Mit plötzlichen Attacken seitens braver Ehepaare und Familien ist hingegen jederzeit zu rechnen. Ich saß einmal in einer S-Bahn, in der zwei angetrunkene Ehepaare in den Fünfzigern, ordentlich frisiert und angezogen, zwei junge Männer Anfang zwanzig anpöbelten. Als die sich verbal wehrten, marschierten die älteren Herren tatsächlich in Richtung Jugend, um ihnen mit der Faust unvermittelt ins Gesicht zu schlagen. Die Runzeligen, die nichts gelernt haben außer Zeitunglesen und Häuschenbauen, gingen gegen die Schönen vor, die noch bis elf Uhr ausschlafen und sich ihre Sexualpartner aussuchen können. Mit ein paar mutigen Gästen konnte ich die Herrschaften gerade noch rechtzeitig auseinanderreißen. Die Lage danach: Die Jungs sahen mit ihren blutigen Lippen noch begehrenswerter aus, die Alten hatten ihre Bankrotterklärung abgegeben. Etwas subtiler und nur bedingt auflösbar sind die Attacken, die junge Familien in der Innenstadt, in Kaufhäusern und Einkaufsstraßen gegen ihre Mitmenschen reiten. Man soll bitteschön die Kinder durchlassen, Kinderteller auf die Speisekarte setzen, Parkplätze zur Verfügung stellen, überhaupt mal Platz machen. Es scheint so, dass sich der ganze angestaute Frust über das leidenschafts- und geheimnislose Ehe-, Berufs- und Familienleben, bei dem keiner zulasten seines Kontos zurückstecken will, hier entladen muss. Die Kinder werden nicht wie menschliche, neugierige Wesen, sondern wie Waffen über die öffentlichen Plätze und Anlagen getrieben. Anstatt den Kindern ein Vertrauen in die fremde Umgebung und die Menschen zu schenken, werden sie missbraucht, um den eigenen Status deutlich zu machen oder sich gegenüber den anderen Menschen, die einem der Rest der Woche piepegal sind, zu positionieren.

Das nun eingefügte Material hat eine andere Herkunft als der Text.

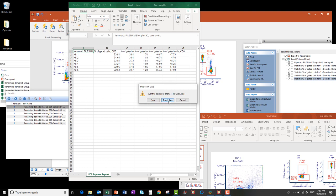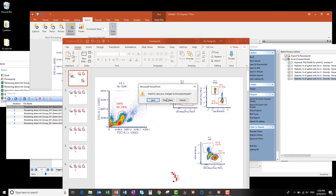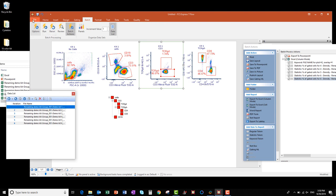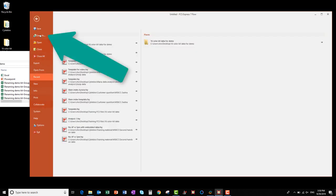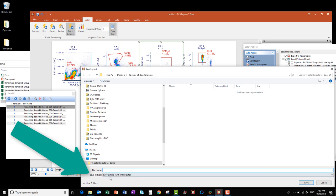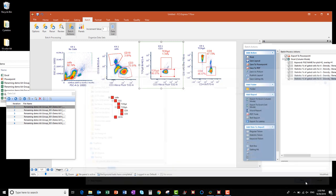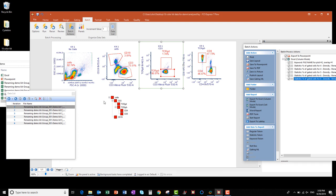Now let's close these files and save our work in FCS Express. First go to the File tab and click Save As. Set the Save As Type option to Layout Files with Linked Data and type in a name for the file. Here, I'll call this one Analyzed. Then click Save. If I reopen the FCS Express layout file later, it will remember the path links to each of my six FCS files and reload them with the layout.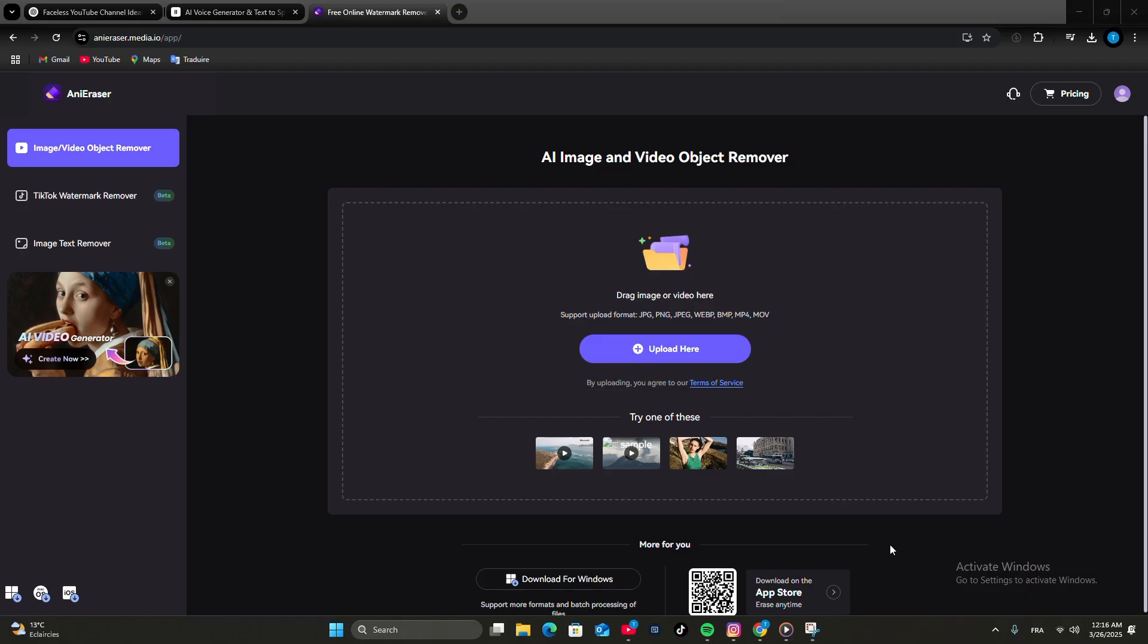First, go to Annie Eraser.io and sign in or create an account. Now click Upload and choose your photo or video.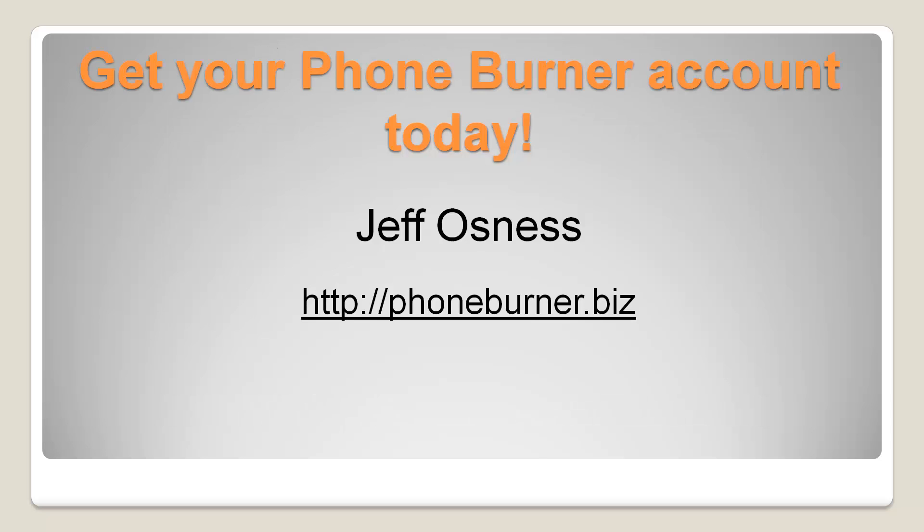If you haven't set up your account you need to go set up your account today. You can go to phoneburner.biz and happy dialing!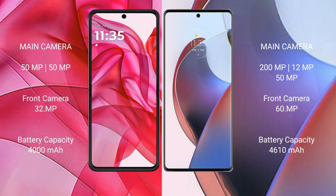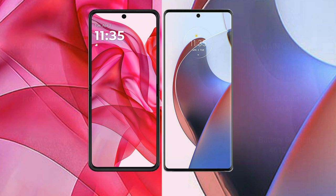The Motorola Edge 30 Ultra features a rear triple camera setup with 200MP, 12MP, and 13MP sensors, plus a 60MP front camera. The RAZR 50 Ultra has a 4000mAh battery with 45W fast charging support, while the Edge 30 Ultra has a 4610mAh battery with 125W fast charging support.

Die Kleinen werden zur Seite gezerrt oder weiter geschleift, als verlängerter Arm ihrer Erzeuger missbraucht oder laut zur Raison gerufen. „Das Leben liegt vor dir“, bekommen sie ständig gesagt. „Das Leben liegt in dir“, sollte es heißen. Was vor allem noch kommt, ist der Versuch, den ganz eigenen Wert des Lebens aufzulösen und die Träume der Jugend einzusargen. Wie wir mit unseren Kindern umgehen, zeugt davon, dass wir durch Nachwuchs leider nicht klug werden und der Sex, mit dem er initiiert wurde, uns nicht logischerweise dazu gebracht hat, dem Phänomen Mensch an sich mehr zu vertrauen.
Übung: Fordern Sie von Ihren Mitmenschen morgen einmal genau nichts. Bestellen Sie keine Dinge, weisen Sie keine Handlungen an, ermahnen Sie zu nichts, lassen Sie sich nicht zu Vorschlägen hinreißen, schreiben Sie keine Mails oder SMS, rufen Sie niemanden an.